Second, it's generally read to answer some specific question, most commonly How do I verb? or less what does this code do/where's the bug? (about code that uses the API). In both cases the the reader is interested is learning more about some special area of the subject, and not interested in the subject as a whole.

Third, the implementation of the documented code is irrelevant (at least in principle) and so, if possible, it should not be necessary to mention it at all. The reader will use an API, and in most cases, will expect that API to remain stable even as the implementation changes.

Fifth, an API may have aspects which are not easily expressed in its programming language. Provided for compability; do not use in new code, not available in foo version and so on.

Sixth, its audience may not have any good fallbacks if the documentation fails. If the documentation fails, the reader can perhaps read the code, can perhaps search for the answer in someone's blog, or call support or pay for a seminar. What the reader cannot do is walk to the next office and ask the author.

Litprog's abilities

Most of an API consists of code written, and literate programming tools can document that well. Some do it better than others — javadoc, for example, offers almost no features to help ensure that the API documentation is complete.

An API-specific feature that's well suited to programmatic handling is change control. The documentation tool can point out differences between the API that is available to users (e.g. the public classes in user-accessible files) and the documented one.

Scanning for omissions is another area where the tool can help well. It cannot counter malevolent writers, of course, but if you respond to its warnings, then this is an area where a tool can do much. For an example of how not to do it, look at Android's Adapter, which deals with displaying objects, but says absolutely nothing about what kind of object getItem() returns. Returns the data at the specified position it says, not a word about what that data might be. The writer did stop the tool from complaining about an undocumented return value, but the writer didn't help any readers.

Possible warnings include: Public member functions that aren't mentioned in the class description (fuzzy, needs heuristics) or aren't documented at all (very simple). Examples that use undocumented classes, functions, etc. Documentation blocks that talk about most values of an enum, but miss one. Class graphs that contain undocumented classes.
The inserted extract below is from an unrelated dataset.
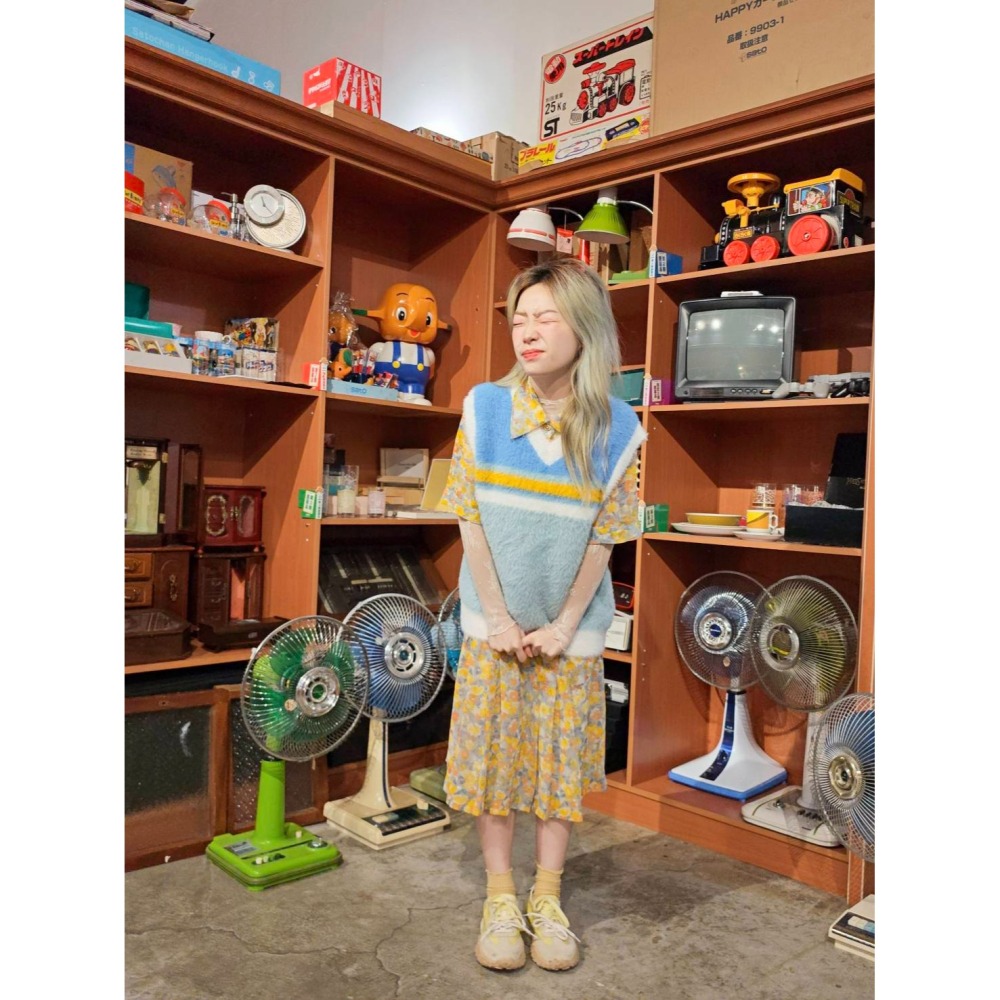 睡花古著洋-細節圖5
Class documentation that doesn't mention those other classes which the function interfaces do use.

Tying code to examples: Qdoc used (still uses?) a simple and quite good policy for this. The documentation for each class/function mentions up to five example programs. If more than five examples are available, then it chose (chooses?) the five examples that use the fewest other functions/classes.

Explaining examples: Often, examples are basically undocumented collections of magic spells. Microsoft is guilty here, but I'm going to be gentle on myself and not look at any Microsoft examples today. Instead I'll point to some of Qt's examples as positive and most of the Android API demos as negative.

Notice how the Qt example contains text explaining what the example does. Every few lines there's a paragraph reiterating the code in words, often mentioning why this-and-not-that. The code in the example contains links to the documentation for each class and function.

The Android example, on the other hand, explains precisely one thing, namely that java packages use import to access identifiers from other packages. You might think the LinearLayout6 example might contain text about linear layouts, perhaps explaining what the example code does. Or, since it says its purpose in life is to demonstrate using the uniformSize attribute, shouldn't it explain why the code doesn't contain any use of uniformSize?

Achieving more

With more work, literate programming can be made to do more. That's out of my area of interest.

What I care about is that ideal point where the human does little, the tool does a lot, and the results are good. If the human does a lot and the tool does a lot, the results are better. Of course. I'll care about that when merely good results are commonplace.

Today's tools

I'd love to write here about how various tools have many fine features to help you get okay API documentation easily. But they don't. There is much they could do, little of it's done today.

Doxygen has something I like: Many output formats. Udoc has that too, and at least it has some warnings. But udoc is (I say that as its author) not particularly well suited to API documentation. Qdoc can integrate examples well, javadoc can't do anything well as far as I can tell.